(Source records)
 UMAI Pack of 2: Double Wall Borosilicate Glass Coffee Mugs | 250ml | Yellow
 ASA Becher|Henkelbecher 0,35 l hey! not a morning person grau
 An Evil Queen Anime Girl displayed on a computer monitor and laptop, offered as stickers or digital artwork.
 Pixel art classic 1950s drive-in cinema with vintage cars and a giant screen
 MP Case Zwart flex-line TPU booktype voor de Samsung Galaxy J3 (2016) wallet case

_Action item_
Nothing may be dropped or altered; repeat every record in full.

_Response box_
 UMAI Pack of 2: Double Wall Borosilicate Glass Coffee Mugs | 250ml | Yellow
 ASA Becher|Henkelbecher 0,35 l hey! not a morning person grau
 An Evil Queen Anime Girl displayed on a computer monitor and laptop, offered as stickers or digital artwork.
 Pixel art classic 1950s drive-in cinema with vintage cars and a giant screen
 MP Case Zwart flex-line TPU booktype voor de Samsung Galaxy J3 (2016) wallet case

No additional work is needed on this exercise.